Yeah it’s kind of the reverse of distribution security fix backports.

SinisterPisces · January 15, 2025, 4:23am

Thanks for the context and additional info on this.

(Emphasis added).

So, since it’s not all operations, it would be something you’d enable per application/service/workload?

I’d think that most of the time the end user of a complex service/system like TrueNAS or Proxmox wouldn’t really know or have a way of knowing whether operations are bound by single-threaded thoroughput, so in those cases you’d be banking on sensible defaults or something in the docs along the lines of: “tune it like this if you’re running ZFS on an NVME pool.” So, mostly this isn’t something for end users (especially home/small office/homelab end users) to overthink.
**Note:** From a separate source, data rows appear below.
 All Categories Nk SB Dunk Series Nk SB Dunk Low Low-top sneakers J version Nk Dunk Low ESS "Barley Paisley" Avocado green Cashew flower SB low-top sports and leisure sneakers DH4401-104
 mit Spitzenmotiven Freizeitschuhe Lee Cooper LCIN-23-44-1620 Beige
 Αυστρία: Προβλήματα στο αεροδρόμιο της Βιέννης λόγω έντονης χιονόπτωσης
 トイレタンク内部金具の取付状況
Does that sound reasonable?

(Apparently, MariaDB has a configuration file setting to enable Direct IO, but MariaDB seems to favor as little optimization as possible in favor of the server successfully starting if you install it on a potato with delusions of grandeur. Expecting the user to make those sorts of configuration changes only seems to be the norm in the SOHO sphere in database server configuration. )

adaptive_chance · January 15, 2025, 6:31pm

I’d want to benchmark my use case with direct I/O vs without.
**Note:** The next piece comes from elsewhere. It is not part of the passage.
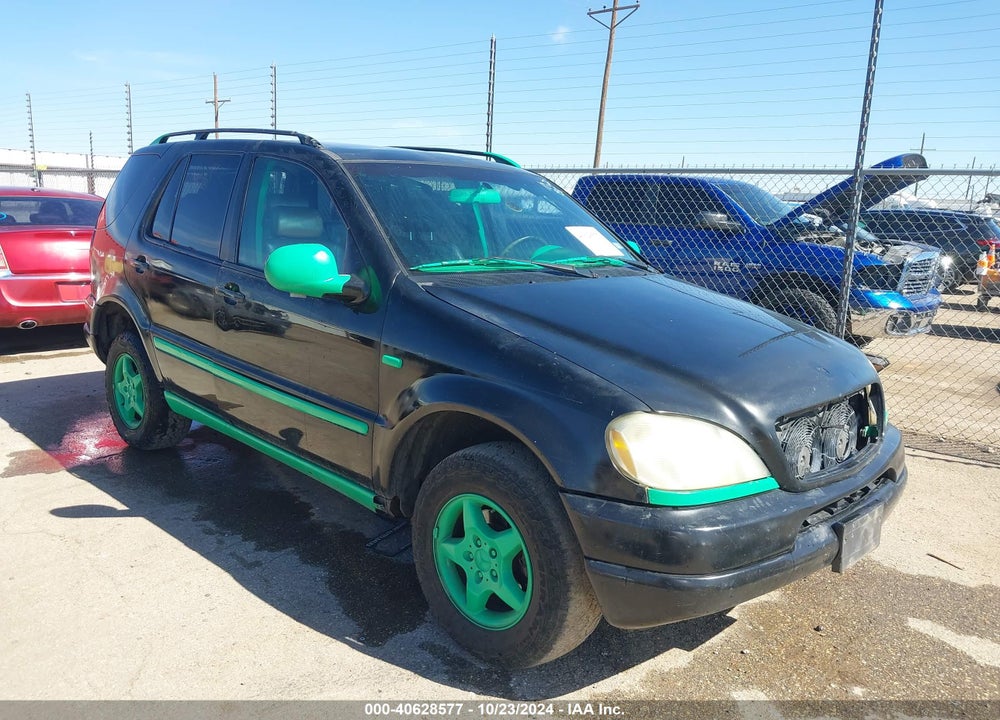 1999 MERCEDES-BENZ ML 320 VIN: 4JGAB54E3XA091881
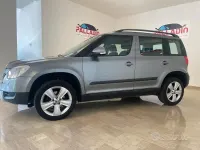 Usata Skoda Yeti Active 105 CV (77 kW) 2012 Grigio SUV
Based on my loosely following the OpenZFS Github discussion… My understanding is direct I/O becomes more useful as NVMe device count increases. The overhead of ARC processing is significant when you have a half-dozen super fast storage devices that can be potentially accessed in parallel. With 2-3 cheap consumer-grade devices it might not matter as much.
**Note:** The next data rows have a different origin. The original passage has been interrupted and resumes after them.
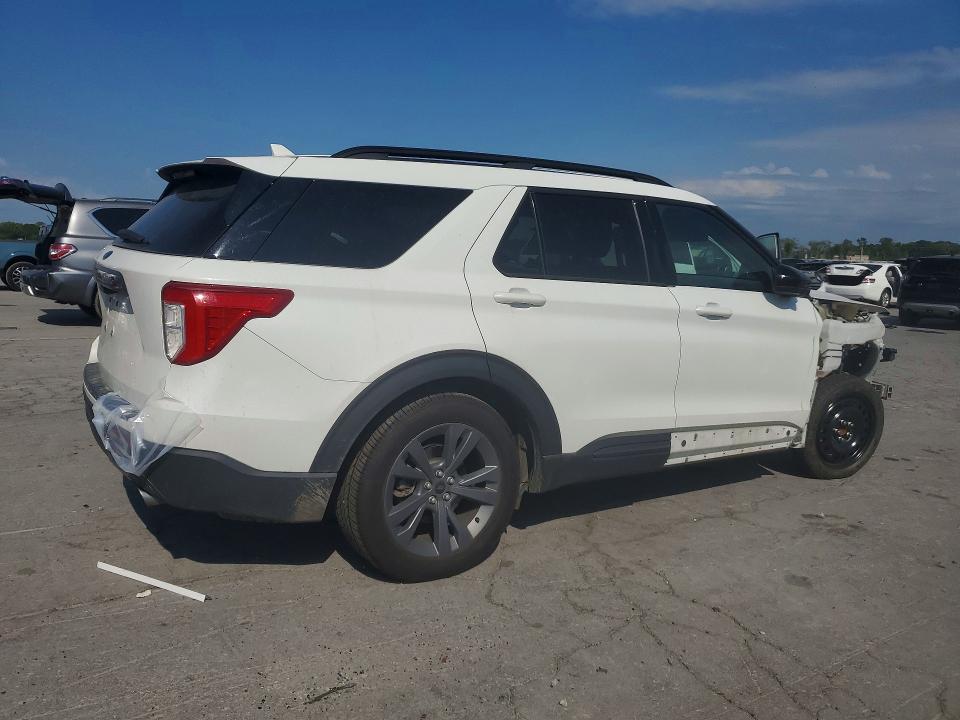 2023 Ford Explorer VIN 1FMSK7DH9PGB00607 COPART salvage auction — FRONT END, TN - SALVAGE CERTIFICATE, sold $9,000 on 2026-10-05 (photo 3)
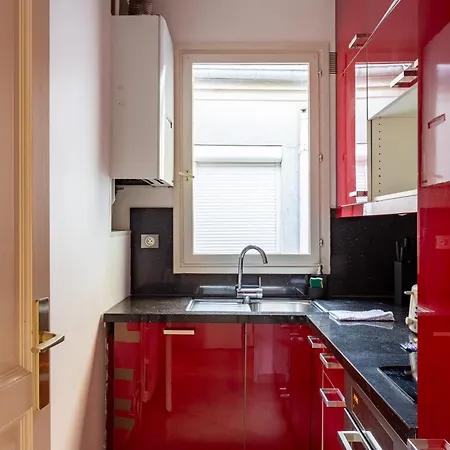 Апартаменты The Maubourg Eiffel Tower *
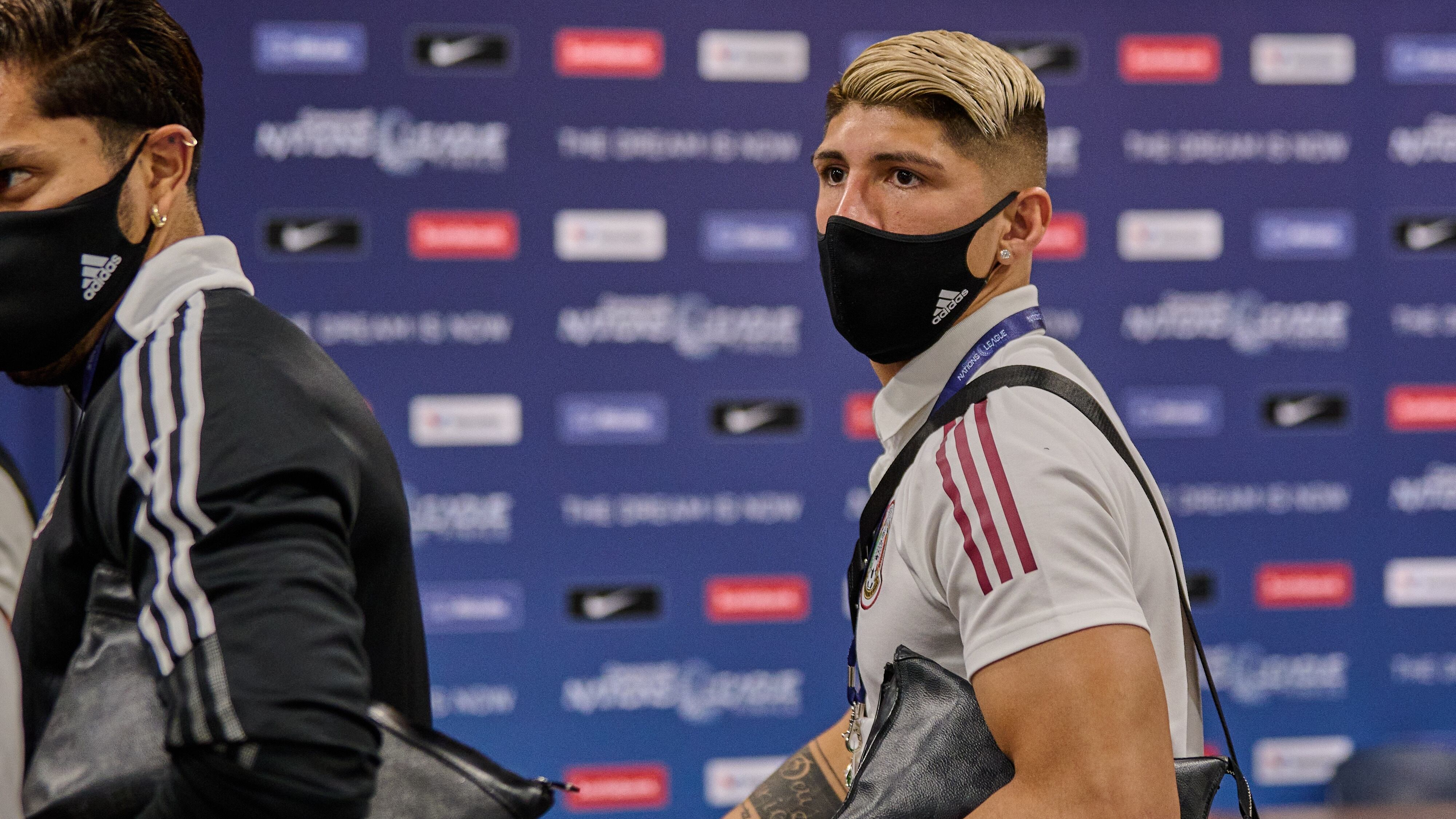 Alan Pulido estará de baja todo el año por lesión; se perdería la Copa de futbol Mundial Catar 2022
It takes time to ping-pong data blocks across memory locations as they work their way through the I/O stack. In the olden days of spinning rust and SATA SSD’s this overhead wasn’t significant. In the modren age of PCIe 4.0/5.0 NVMe devices with pseudo-SLC write cache it starts to matter. Direct I/O reduces the number of ping-pongs.

My $.02 FWIW. I’m too broke to own and play with 4GB/sec devices so it’s all hearsay…

TopherIsSwell · January 16, 2025, 6:18am

According to the discussion here:

github.com/openzfs/zfs

NVMe Read Performance Issues with ZFS (submit_bio to io_schedule)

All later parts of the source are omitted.